• **What is expected**
Restate word for word the span of lines that opens with the line containing "Chrysler Voyager LX FWD 2023" and closes with the last line of the material. Include both ends and nothing more.

• **Data listing**
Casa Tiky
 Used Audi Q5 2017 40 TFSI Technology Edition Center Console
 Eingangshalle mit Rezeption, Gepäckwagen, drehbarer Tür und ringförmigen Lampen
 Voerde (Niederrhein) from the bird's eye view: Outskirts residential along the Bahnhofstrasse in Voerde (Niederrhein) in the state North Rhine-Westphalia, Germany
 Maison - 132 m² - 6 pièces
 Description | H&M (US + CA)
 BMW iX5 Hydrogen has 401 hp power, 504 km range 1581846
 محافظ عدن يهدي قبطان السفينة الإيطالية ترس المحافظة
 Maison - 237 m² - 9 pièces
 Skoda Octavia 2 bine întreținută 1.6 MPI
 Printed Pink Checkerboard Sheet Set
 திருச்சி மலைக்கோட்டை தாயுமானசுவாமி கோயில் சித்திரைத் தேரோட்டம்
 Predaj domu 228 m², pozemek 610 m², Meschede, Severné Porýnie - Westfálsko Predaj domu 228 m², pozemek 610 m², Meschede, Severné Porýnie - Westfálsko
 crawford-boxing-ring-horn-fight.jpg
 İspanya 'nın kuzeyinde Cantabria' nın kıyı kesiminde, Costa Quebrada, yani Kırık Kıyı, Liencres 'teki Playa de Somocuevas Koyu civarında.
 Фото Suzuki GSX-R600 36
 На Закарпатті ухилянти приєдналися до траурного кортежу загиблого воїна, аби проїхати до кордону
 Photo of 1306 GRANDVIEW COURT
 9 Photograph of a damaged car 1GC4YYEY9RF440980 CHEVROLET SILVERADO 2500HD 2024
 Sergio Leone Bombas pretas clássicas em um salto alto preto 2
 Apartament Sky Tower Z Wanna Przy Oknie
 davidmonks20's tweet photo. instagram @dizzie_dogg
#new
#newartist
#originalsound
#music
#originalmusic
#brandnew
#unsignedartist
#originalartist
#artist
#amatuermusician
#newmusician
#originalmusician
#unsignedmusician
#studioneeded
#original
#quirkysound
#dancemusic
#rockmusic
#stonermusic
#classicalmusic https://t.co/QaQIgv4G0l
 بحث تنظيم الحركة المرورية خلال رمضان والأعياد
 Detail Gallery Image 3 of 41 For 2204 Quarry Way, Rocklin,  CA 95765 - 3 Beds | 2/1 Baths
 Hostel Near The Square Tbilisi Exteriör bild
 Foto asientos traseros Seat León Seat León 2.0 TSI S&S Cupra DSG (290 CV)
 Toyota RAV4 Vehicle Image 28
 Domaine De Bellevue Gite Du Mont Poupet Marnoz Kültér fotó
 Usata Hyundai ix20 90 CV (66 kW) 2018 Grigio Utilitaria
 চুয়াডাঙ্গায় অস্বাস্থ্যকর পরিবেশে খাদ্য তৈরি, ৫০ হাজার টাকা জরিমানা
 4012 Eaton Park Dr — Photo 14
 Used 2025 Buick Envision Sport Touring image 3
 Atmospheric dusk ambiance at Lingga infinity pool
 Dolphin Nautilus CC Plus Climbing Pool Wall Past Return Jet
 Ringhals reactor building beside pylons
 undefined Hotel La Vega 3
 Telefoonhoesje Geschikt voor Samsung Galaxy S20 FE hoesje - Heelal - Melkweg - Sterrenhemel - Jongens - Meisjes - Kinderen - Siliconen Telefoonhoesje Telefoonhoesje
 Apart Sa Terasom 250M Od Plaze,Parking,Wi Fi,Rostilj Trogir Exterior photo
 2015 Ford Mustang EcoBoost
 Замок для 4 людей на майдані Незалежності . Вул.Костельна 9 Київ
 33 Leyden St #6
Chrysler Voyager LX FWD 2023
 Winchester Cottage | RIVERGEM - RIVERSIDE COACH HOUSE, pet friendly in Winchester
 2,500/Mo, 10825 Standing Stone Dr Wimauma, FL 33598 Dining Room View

• **Task solution**
Chrysler Voyager LX FWD 2023
 Winchester Cottage | RIVERGEM - RIVERSIDE COACH HOUSE, pet friendly in Winchester
 2,500/Mo, 10825 Standing Stone Dr Wimauma, FL 33598 Dining Room View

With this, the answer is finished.